**Task prompt**
In the listing below, find the line with "Acrylbild Fotodruck Orchidee" and the line with "2310 productrice d'argumes", then return them and every line between them exactly, minus the pictures.

**Source material**

++++++

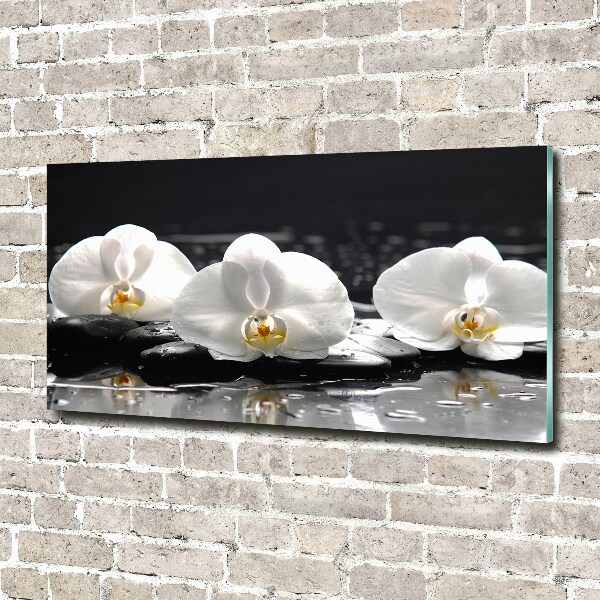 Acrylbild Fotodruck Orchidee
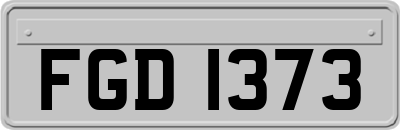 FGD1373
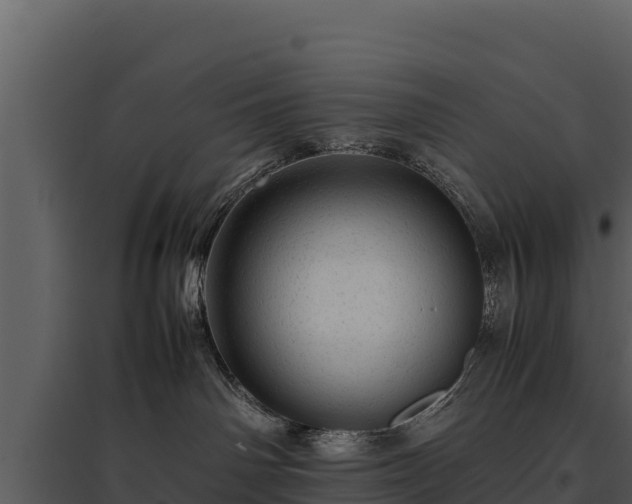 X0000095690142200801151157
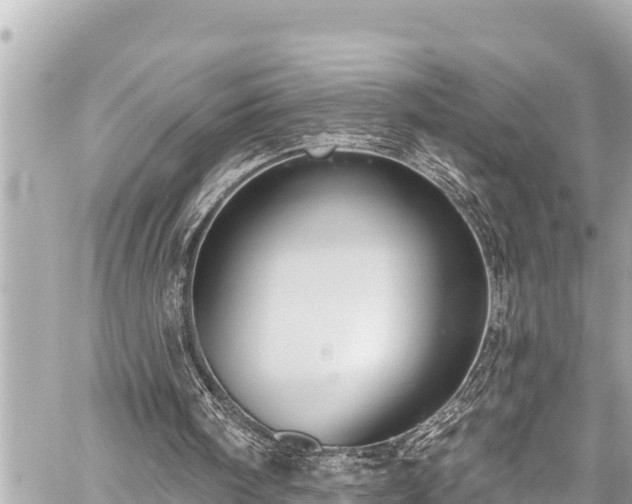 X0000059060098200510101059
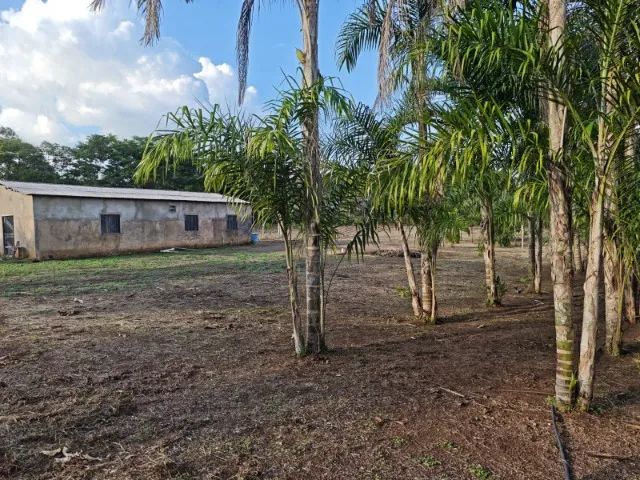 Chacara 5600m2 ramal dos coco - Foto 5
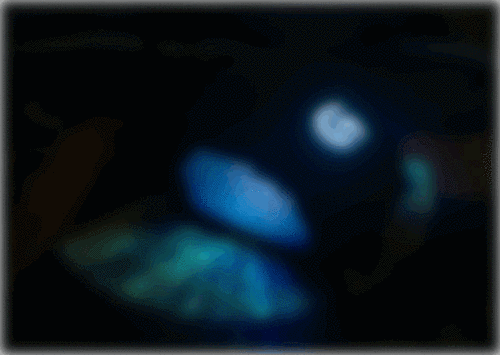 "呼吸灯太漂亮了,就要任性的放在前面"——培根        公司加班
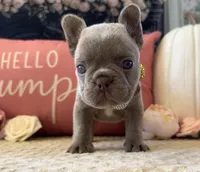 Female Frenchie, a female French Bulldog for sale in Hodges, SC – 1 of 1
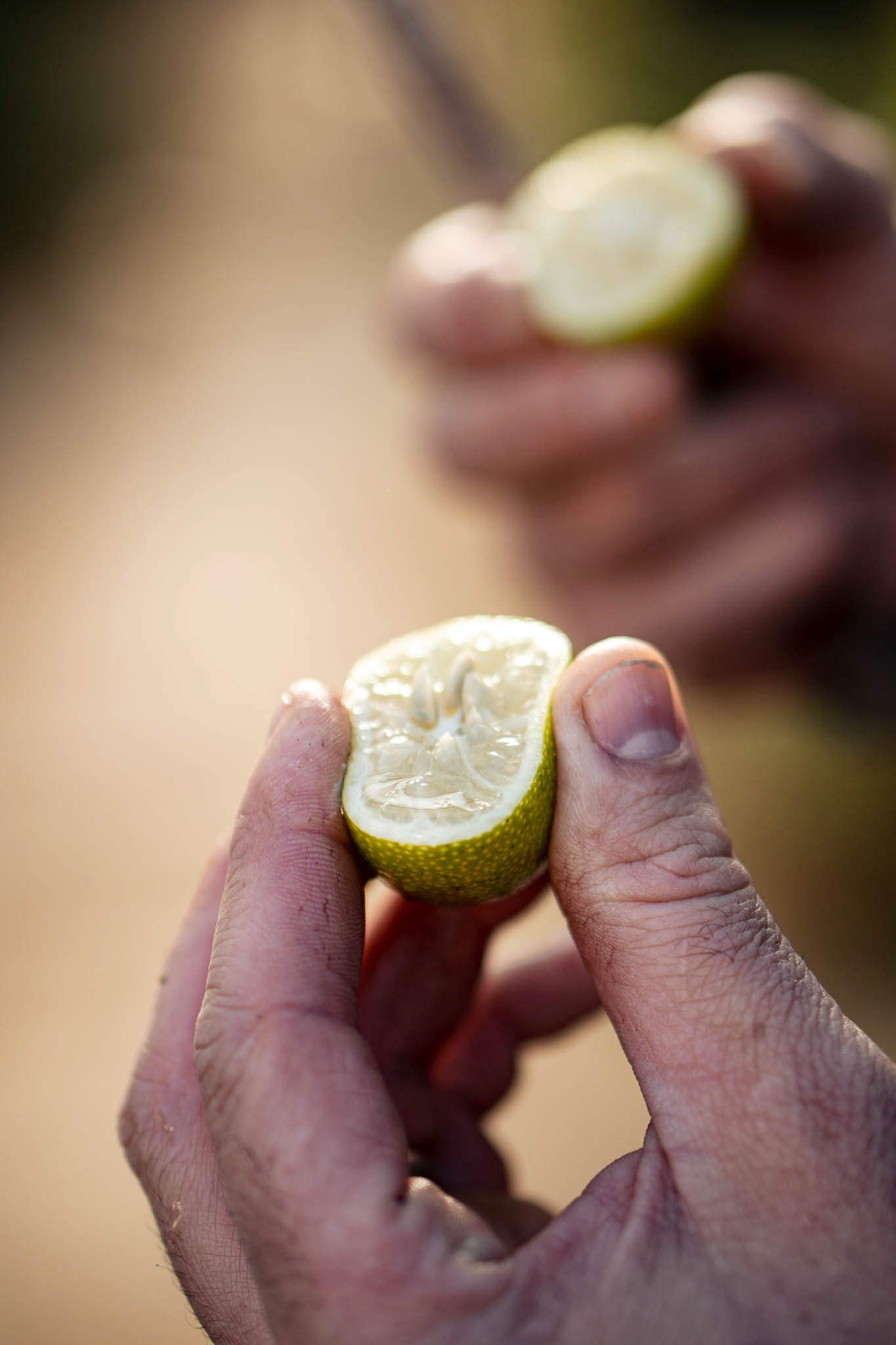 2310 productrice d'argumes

++++++

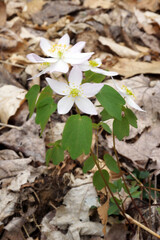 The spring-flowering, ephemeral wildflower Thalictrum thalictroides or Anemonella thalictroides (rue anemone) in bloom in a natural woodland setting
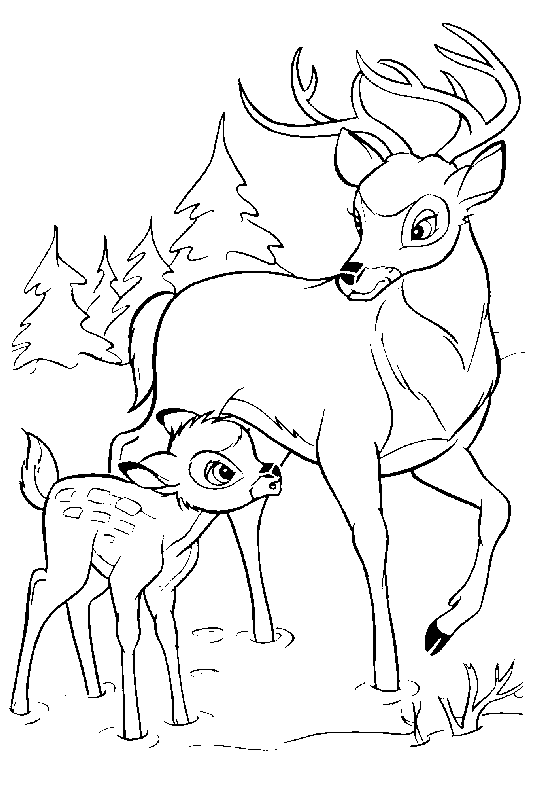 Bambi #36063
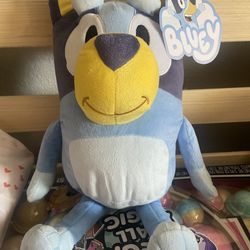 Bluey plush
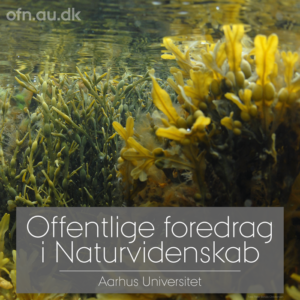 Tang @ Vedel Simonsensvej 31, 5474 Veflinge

++++++

**Response to this task**
 Acrylbild Fotodruck Orchidee
 FGD1373
 X0000095690142200801151157
 X0000059060098200510101059
 Chacara 5600m2 ramal dos coco - Foto 5
 "呼吸灯太漂亮了,就要任性的放在前面"——培根        公司加班
 Female Frenchie, a female French Bulldog for sale in Hodges, SC – 1 of 1
 2310 productrice d'argumes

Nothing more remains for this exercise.